**Task goal**
Only the lines from the one containing "G-DRAGON まとめ売り Qoo10]" through the end of the data are wanted, reproduced exactly and without pictures.

Dataset section section start

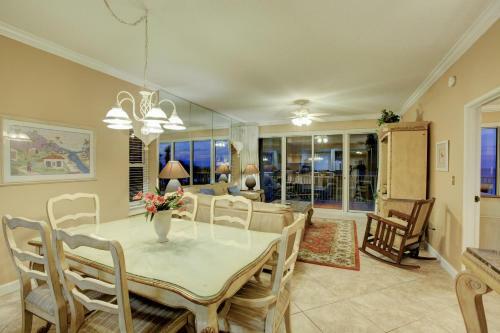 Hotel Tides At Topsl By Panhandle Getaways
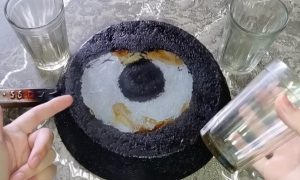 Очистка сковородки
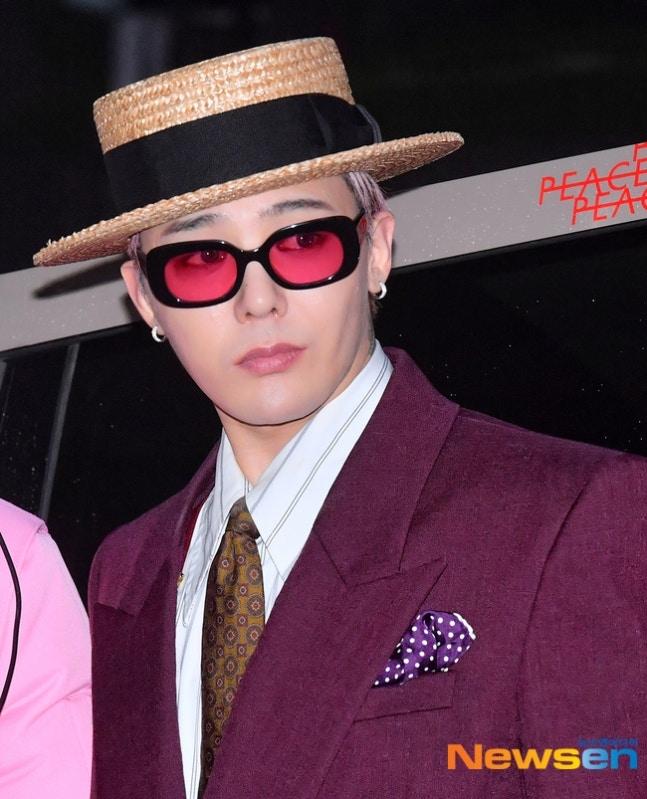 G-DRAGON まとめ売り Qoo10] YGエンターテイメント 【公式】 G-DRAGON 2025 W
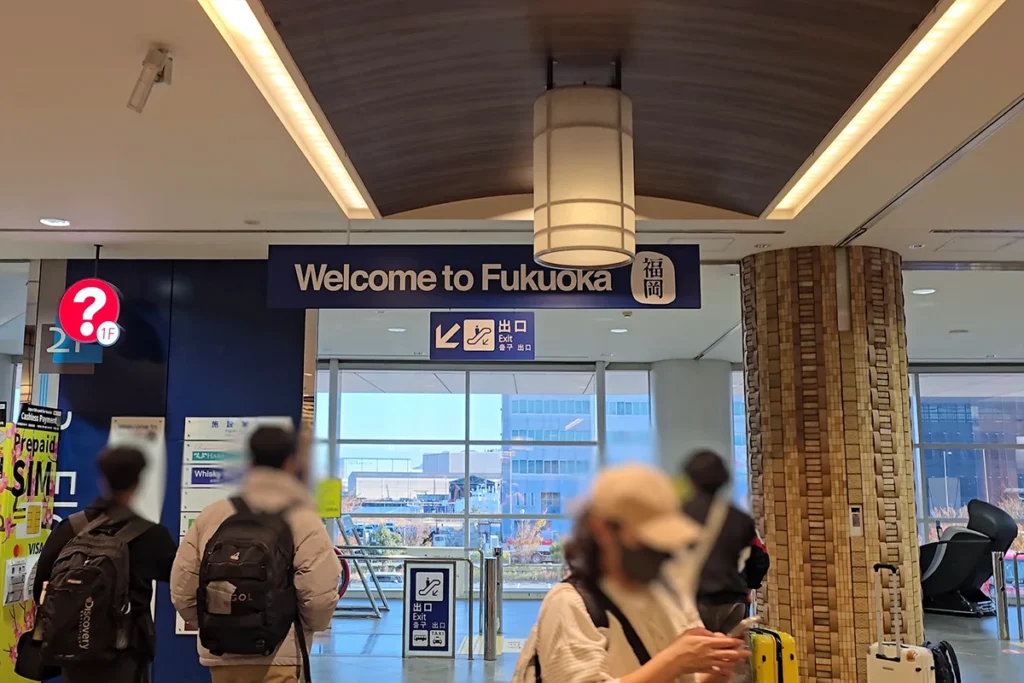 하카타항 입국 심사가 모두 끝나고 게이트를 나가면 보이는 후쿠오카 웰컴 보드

Dataset section section end

**Answer for the task**
 G-DRAGON まとめ売り Qoo10] YGエンターテイメント 【公式】 G-DRAGON 2025 W
 하카타항 입국 심사가 모두 끝나고 게이트를 나가면 보이는 후쿠오카 웰컴 보드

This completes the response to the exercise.